Task objective => What you write should match, word for word, the lines from the one containing "this 240×172 image." through the end of the data, with no pictures.

Entries provided =>

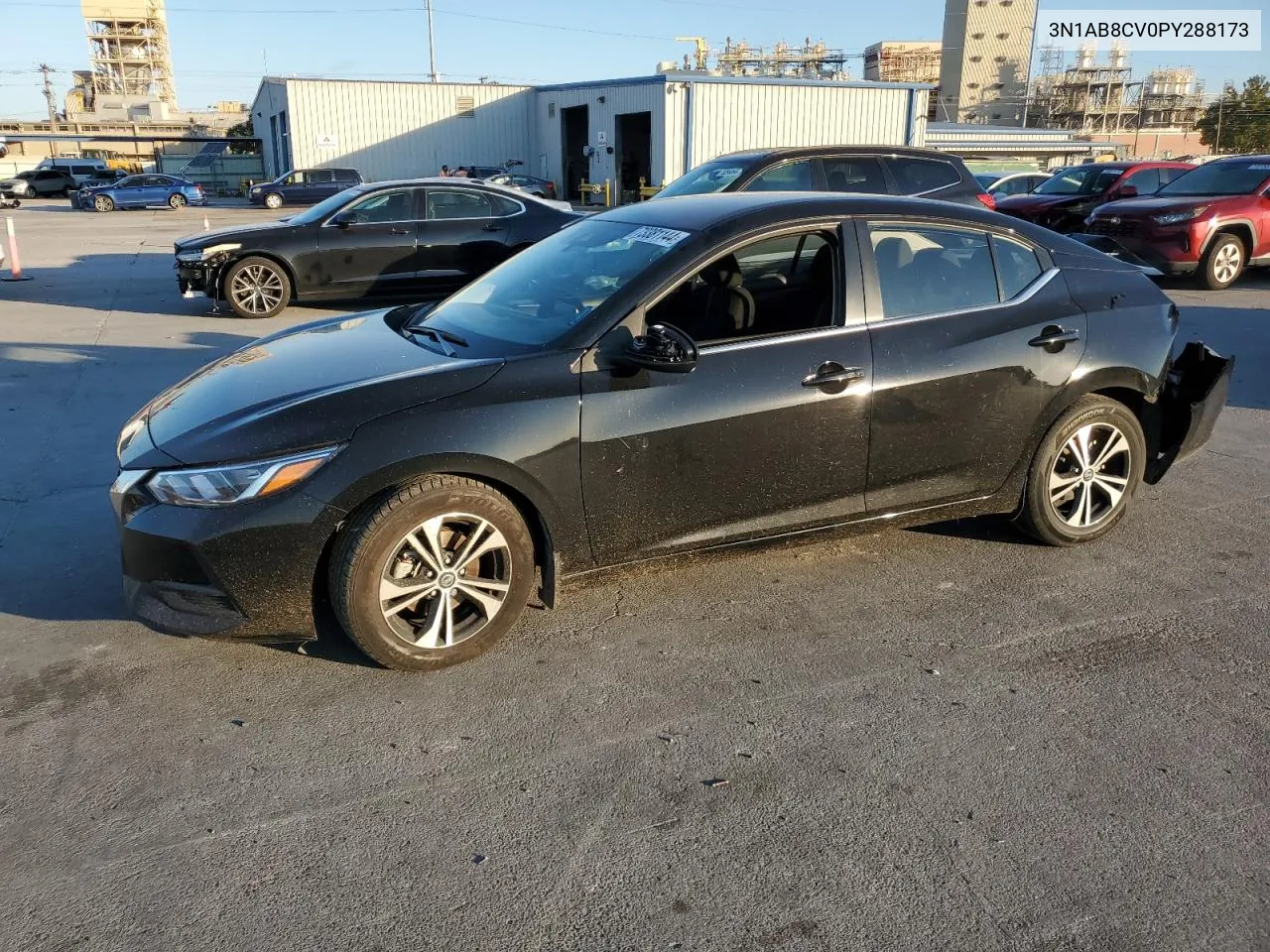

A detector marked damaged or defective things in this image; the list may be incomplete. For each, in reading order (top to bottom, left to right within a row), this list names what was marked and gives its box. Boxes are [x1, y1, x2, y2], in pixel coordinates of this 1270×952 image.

black sedan with front damage [173, 179, 576, 322]
black sedan with front damage [116, 191, 1229, 669]
damaged rear bumper [1148, 342, 1234, 484]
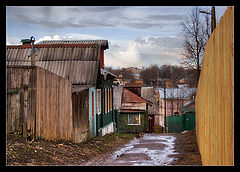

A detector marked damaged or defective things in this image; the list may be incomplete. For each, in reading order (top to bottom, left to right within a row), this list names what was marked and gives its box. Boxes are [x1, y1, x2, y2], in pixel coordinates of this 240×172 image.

rusty metal roof [5, 41, 104, 84]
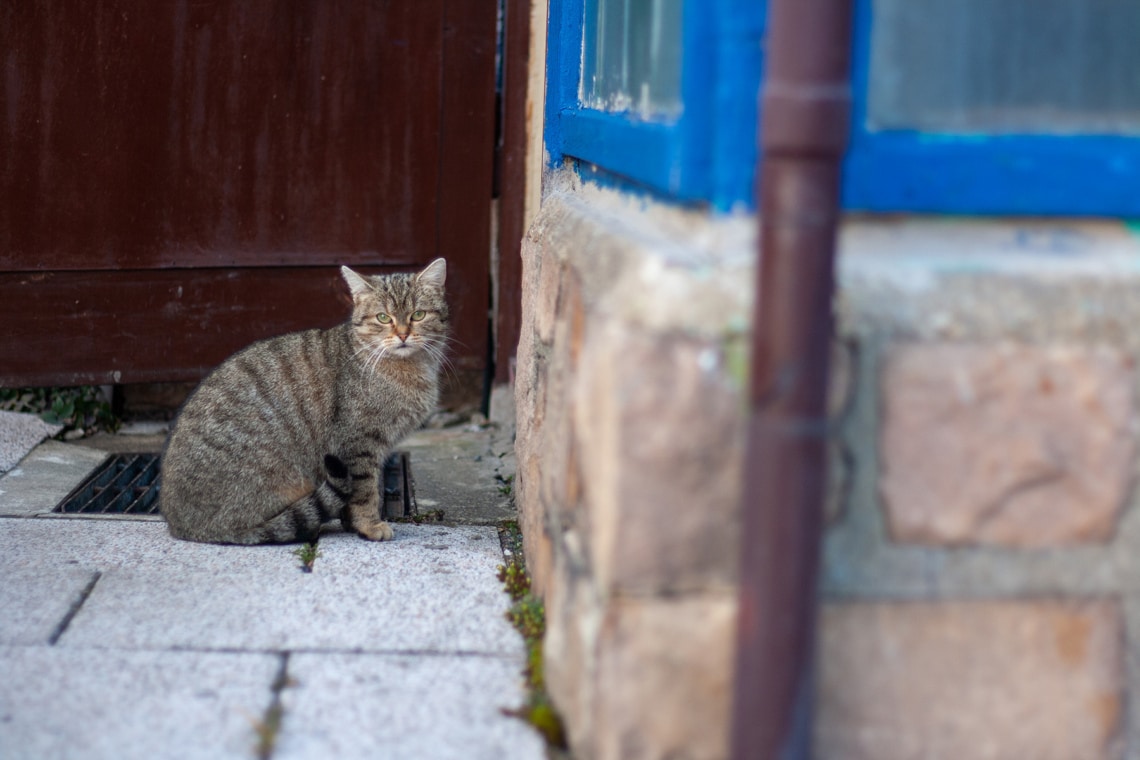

Exercise solution =>
A detector marked damaged or defective things in this image; the list may be incomplete. For each, in reading order (top to bottom, left to right within a row), this list names what was marked and gives its box. Boxes are [x1, y1, x2, y2], in pixel coordinates of this 240×172 image.

rusty metal roof [5, 41, 104, 84]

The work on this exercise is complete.